Below are the entries. Transcribe exactly the lines from the one with "Good Looking Dior" through the one with "Double Bed Cotton", ends included, and leave out all others.

## Material for this exercise
==*==
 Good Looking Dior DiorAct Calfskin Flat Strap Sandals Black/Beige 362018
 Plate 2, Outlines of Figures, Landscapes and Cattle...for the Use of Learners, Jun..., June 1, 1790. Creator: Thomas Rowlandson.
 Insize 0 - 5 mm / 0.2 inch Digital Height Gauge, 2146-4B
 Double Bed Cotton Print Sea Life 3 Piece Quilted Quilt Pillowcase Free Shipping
==*==
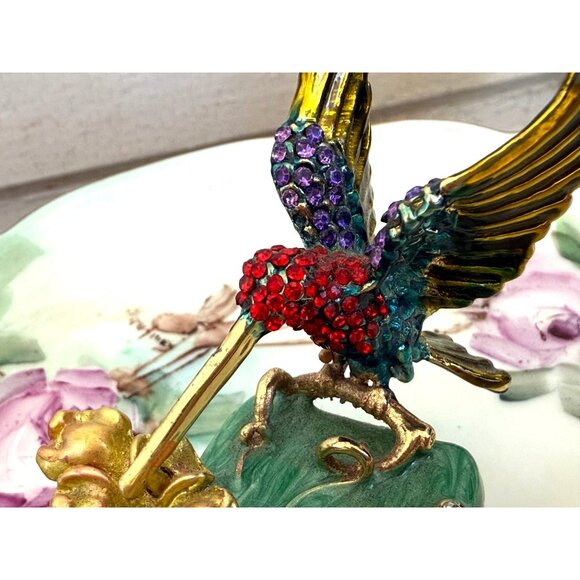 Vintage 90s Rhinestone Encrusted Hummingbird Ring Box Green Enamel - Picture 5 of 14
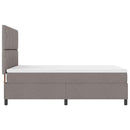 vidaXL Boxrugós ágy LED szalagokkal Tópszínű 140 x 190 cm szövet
==*==
## Written answer
 Good Looking Dior DiorAct Calfskin Flat Strap Sandals Black/Beige 362018
 Plate 2, Outlines of Figures, Landscapes and Cattle...for the Use of Learners, Jun..., June 1, 1790. Creator: Thomas Rowlandson.
 Insize 0 - 5 mm / 0.2 inch Digital Height Gauge, 2146-4B
 Double Bed Cotton Print Sea Life 3 Piece Quilted Quilt Pillowcase Free Shipping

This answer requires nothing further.